PROBLEM DETAILS. Write each line word for word, from the line that contains "Vtg 90s Dentelle" through the last line of the material below.
-------- DATA FOR REVIEW
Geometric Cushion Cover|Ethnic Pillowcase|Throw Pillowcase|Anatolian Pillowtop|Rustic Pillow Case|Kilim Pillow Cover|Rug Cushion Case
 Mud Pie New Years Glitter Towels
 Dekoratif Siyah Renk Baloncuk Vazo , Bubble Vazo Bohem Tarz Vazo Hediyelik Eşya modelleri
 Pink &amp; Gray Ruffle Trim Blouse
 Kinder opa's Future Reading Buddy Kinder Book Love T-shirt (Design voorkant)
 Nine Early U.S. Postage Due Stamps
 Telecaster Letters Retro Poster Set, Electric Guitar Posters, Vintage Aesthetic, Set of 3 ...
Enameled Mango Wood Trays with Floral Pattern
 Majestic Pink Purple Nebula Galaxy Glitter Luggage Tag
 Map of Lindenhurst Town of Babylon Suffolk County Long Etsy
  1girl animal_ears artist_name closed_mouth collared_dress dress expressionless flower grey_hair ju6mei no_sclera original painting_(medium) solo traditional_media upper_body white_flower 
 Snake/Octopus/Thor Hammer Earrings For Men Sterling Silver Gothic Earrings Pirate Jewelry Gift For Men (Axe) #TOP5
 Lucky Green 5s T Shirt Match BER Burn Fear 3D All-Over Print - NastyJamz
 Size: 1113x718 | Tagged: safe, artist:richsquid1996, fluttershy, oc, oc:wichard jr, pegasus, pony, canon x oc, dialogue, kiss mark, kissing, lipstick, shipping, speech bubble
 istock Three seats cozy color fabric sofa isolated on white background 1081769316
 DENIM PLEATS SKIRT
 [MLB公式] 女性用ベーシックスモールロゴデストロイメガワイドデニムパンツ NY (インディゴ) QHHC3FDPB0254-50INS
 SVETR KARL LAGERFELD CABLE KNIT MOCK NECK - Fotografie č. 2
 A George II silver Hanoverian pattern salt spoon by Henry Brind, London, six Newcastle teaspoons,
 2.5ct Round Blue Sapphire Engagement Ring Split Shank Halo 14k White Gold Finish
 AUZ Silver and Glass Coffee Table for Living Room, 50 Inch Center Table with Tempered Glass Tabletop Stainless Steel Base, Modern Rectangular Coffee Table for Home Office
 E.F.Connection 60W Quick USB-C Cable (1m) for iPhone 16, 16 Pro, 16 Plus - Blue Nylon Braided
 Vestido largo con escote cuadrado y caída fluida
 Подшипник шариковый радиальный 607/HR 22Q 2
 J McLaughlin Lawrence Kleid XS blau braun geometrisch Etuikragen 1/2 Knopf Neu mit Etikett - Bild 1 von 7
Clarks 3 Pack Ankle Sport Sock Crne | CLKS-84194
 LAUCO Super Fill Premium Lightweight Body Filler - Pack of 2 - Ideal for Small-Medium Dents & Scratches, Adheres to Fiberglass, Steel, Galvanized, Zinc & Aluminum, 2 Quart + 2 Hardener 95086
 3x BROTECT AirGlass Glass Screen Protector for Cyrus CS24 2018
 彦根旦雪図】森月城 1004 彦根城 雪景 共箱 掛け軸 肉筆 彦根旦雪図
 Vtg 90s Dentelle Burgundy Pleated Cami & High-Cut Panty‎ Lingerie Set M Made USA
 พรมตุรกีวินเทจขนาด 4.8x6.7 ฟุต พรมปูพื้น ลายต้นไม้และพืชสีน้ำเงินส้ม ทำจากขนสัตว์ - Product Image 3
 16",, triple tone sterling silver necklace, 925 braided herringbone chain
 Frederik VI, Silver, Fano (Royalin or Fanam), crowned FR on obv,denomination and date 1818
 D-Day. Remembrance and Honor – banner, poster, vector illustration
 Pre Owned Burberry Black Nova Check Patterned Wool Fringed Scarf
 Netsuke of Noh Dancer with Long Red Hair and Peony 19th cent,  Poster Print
----------------
SOLUTION.
 Vtg 90s Dentelle Burgundy Pleated Cami & High-Cut Panty‎ Lingerie Set M Made USA
 พรมตุรกีวินเทจขนาด 4.8x6.7 ฟุต พรมปูพื้น ลายต้นไม้และพืชสีน้ำเงินส้ม ทำจากขนสัตว์ - Product Image 3
 16",, triple tone sterling silver necklace, 925 braided herringbone chain
 Frederik VI, Silver, Fano (Royalin or Fanam), crowned FR on obv,denomination and date 1818
 D-Day. Remembrance and Honor – banner, poster, vector illustration
 Pre Owned Burberry Black Nova Check Patterned Wool Fringed Scarf
 Netsuke of Noh Dancer with Long Red Hair and Peony 19th cent,  Poster Print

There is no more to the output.